▶ _Your task_: Transcribe each line of the material as it is, and drop any picture.

▶ _Source material_:
• • • • •
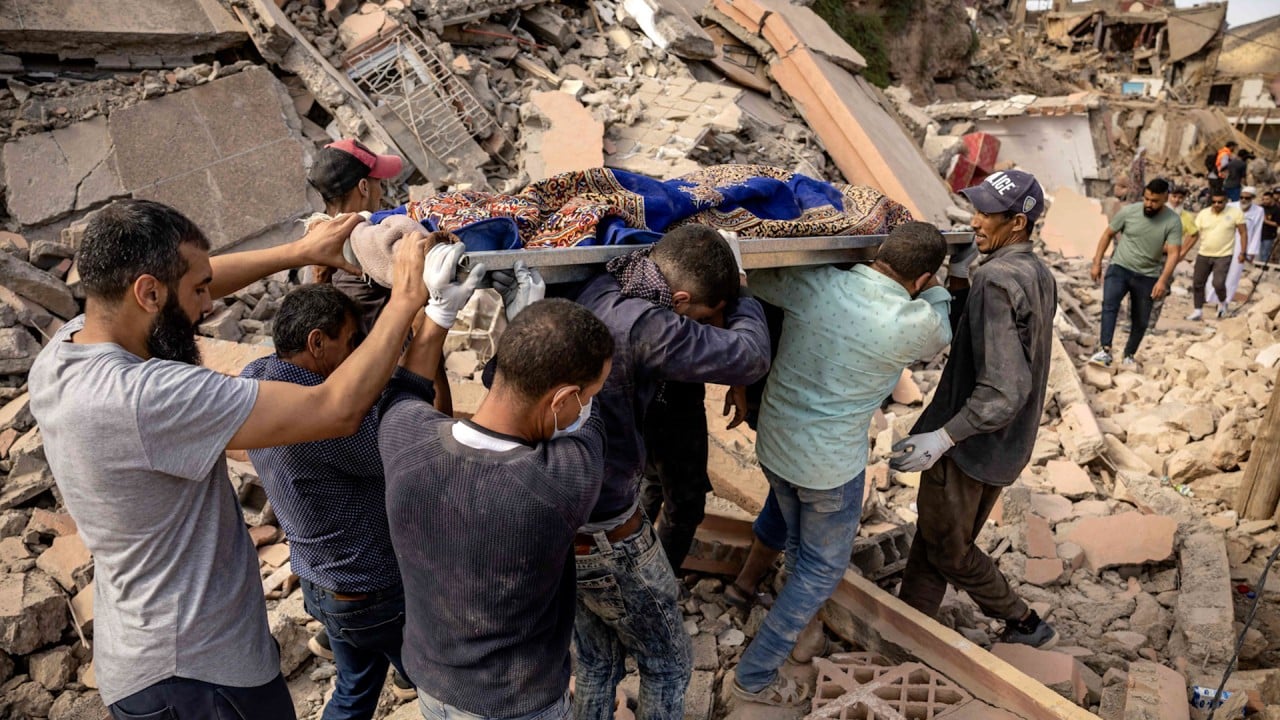Moroccans pitch in to help quake victims amid slow official response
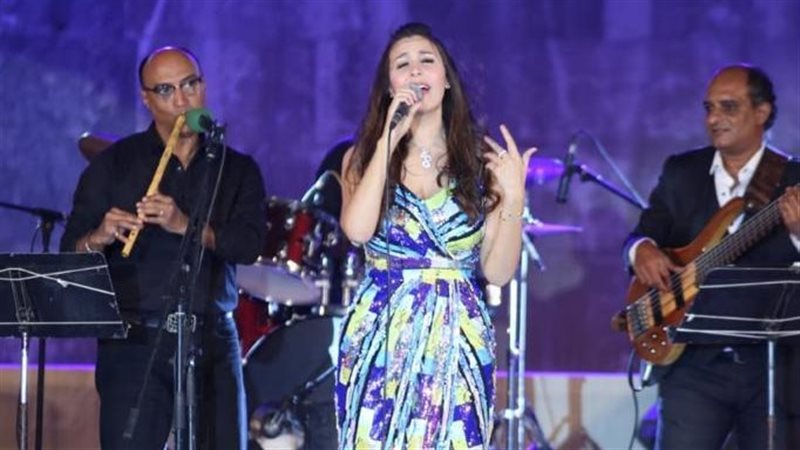 الفنانة جنات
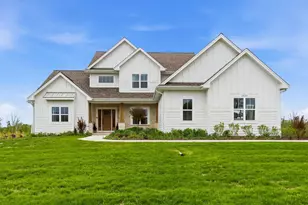 14141 N Lake Shore Dr, Mequon, WI 53097 - Photo 1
• • • • •
▶ _Your solution_:
Moroccans pitch in to help quake victims amid slow official response
 الفنانة جنات
 14141 N Lake Shore Dr, Mequon, WI 53097 - Photo 1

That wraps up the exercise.